Non profit

Assorbire l’Agenzia? È come spegnerla

di Stefano Zamagni

Venerdì 24 febbraio il Consiglio dei ministri ha reso nota la decisione della «soppressione dell’Agenzia per il terzo settore». Come annuncia il comunicato, le sue competenze «saranno esercitate dal ministro del Lavoro e delle politiche sociali».
Avendo concluso il mandato quinquennale come presidente dell’Agenzia stessa, sulla base dell’esperienza fatta mi domando se davvero le sue funzioni possano essere assorbite in qualche altro ente della pubblica amministrazione, ad esempio, come indicato dal comunicato del Consiglio dei ministri, in qualche ministero.
La risposta a questi e simili interrogativi non può che essere assolutamente negativa e pour cause. In primo luogo, perché il legislatore che ha creato l’Agenzia l’ha voluta come soggetto terzo rispetto sia agli enti non profit sia a soggetti pubblici come l’Agenzia delle entrate oppure organi della giustizia.
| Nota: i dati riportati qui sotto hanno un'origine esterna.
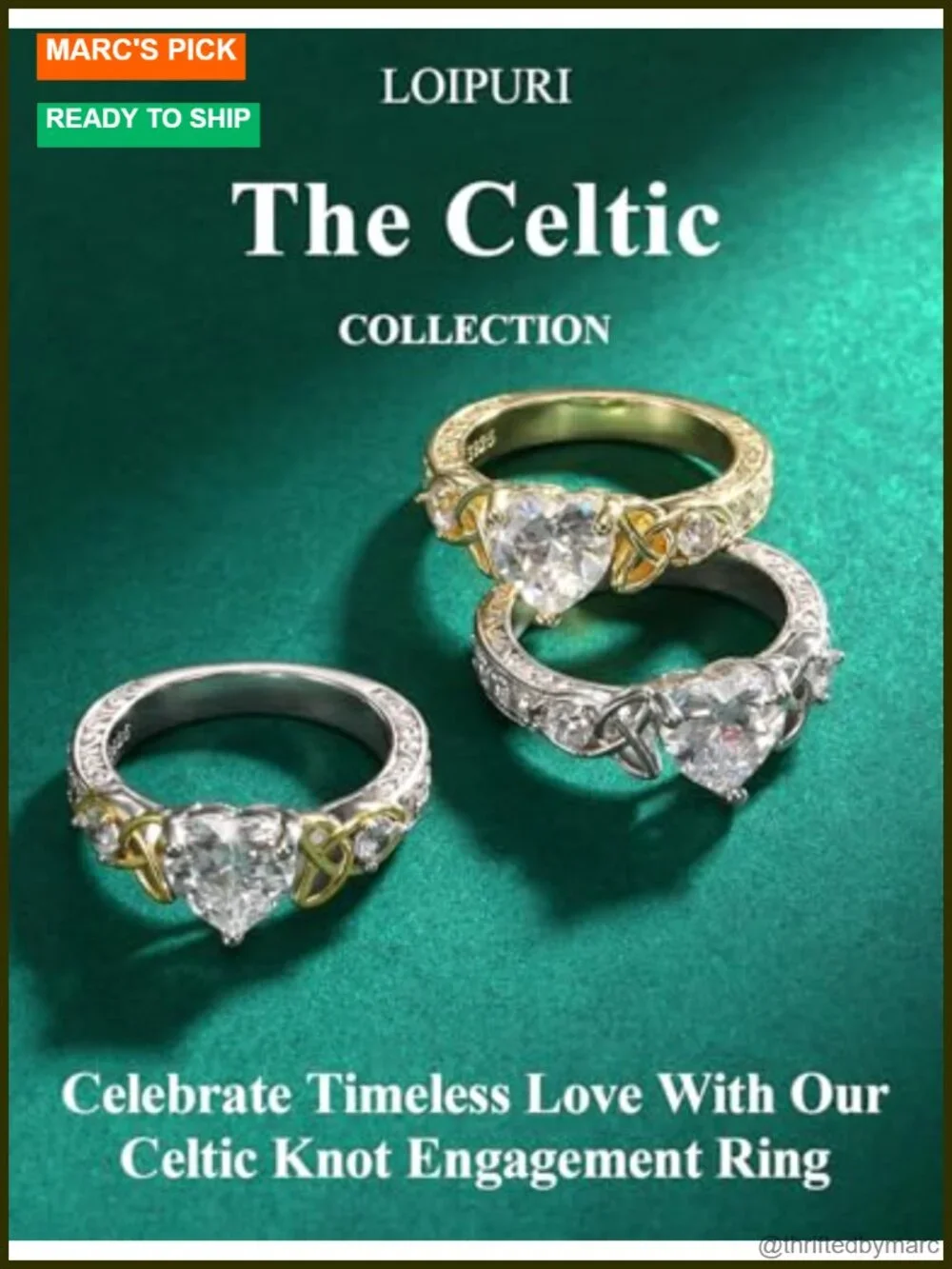 2CT Heart Moissanite Promise Ring Sterling Silver Celtic Knot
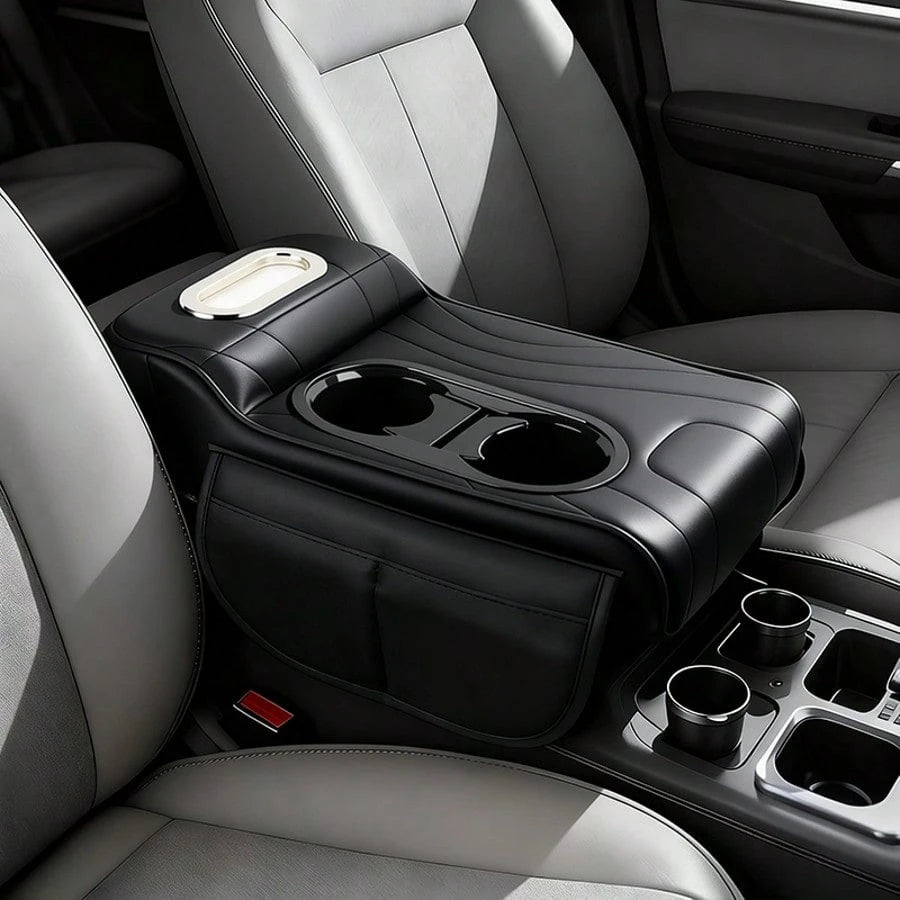 Leather Car Armrest Box Pad, Central Console Cover, Universal Car Armrest Sleeve, Equipped With 2 Cup Holders, Multifunctional Car Tissue Box, Side Storage Pocket Design, Car Interior Accessories, Sui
Solamente se l’attributo di terzietà è assicurato ha senso che esista un’Agenzia per il terzo settore, in grado di porre in atto il cosiddetto third-party enforcement, sulla cui utilità oggi tutti concordano.
In secondo luogo, il problema dei controlli di merito non può essere ulteriormente eluso nel mondo del terzo settore. Con le procedure e le regole proprie della pubblica amministrazione si possono bensì controllare la legittimità e la liceità degli atti posti in essere da un ente non profit, ma non certo la meritorietà del suo operato: ad esempio, se il vincolo di democraticità sia stato rispettato o meno; se l’obiettivo della creazione di valore sociale sia stato raggiunto o meno; se i costi generali di gestione di una campagna di raccolta fondi siano giustificati o meno, e così via.
Non v’è chi non veda come per esprimersi sul merito di queste e tantissime altre questioni è necessaria un’Agenzia autonoma e indipendente. Si leggano con attenzione gli atti di indirizzo e le linee guida prodotte dall’Agenzia nell’ultimo quinquennio e si scoprirà cosa significa concretamente l’approccio di soft law. Si scorrano le pagine dei numerosi volumi pubblicati e dei numeri del quadrimestrale Aretè progettato e prodotto dall’Agenzia e si comprenderà cosa vuol dire operare per assicurare al terzo settore quegli spazi culturali di cui ha assolutamente bisogno per crescere ed espandersi.
Ed ancora. Chi potrà verificare l’attuazione delle politiche di responsabilità sociale delle imprese for profit nei confronti del mondo non profit se non un’Agenzia di settore? La stessa cosa può dirsi per quanto concerne tutto ciò che vale a confermare la fiducia di cui gli enti non profit hanno assoluto bisogno per svolgere la loro missione.
In definitiva, se si ha ragione di credere che il modello di ordine sociale basato sul binomio pubblico-privato non sia più in grado di assicurare al nostro Paese una prospettiva credibile di sviluppo e che sia dunque giunto il tempo di far decollare un modello fondato sul trinomio pubblico-privato-civile, allora non si può fare a meno di concludere che il terzo settore è un pilastro non meno decisivo degli altri due ? Stato e mercato. La necessarietà di un’Agenzia per il terzo settore pienamente indipendente segue allora come logica conseguenza.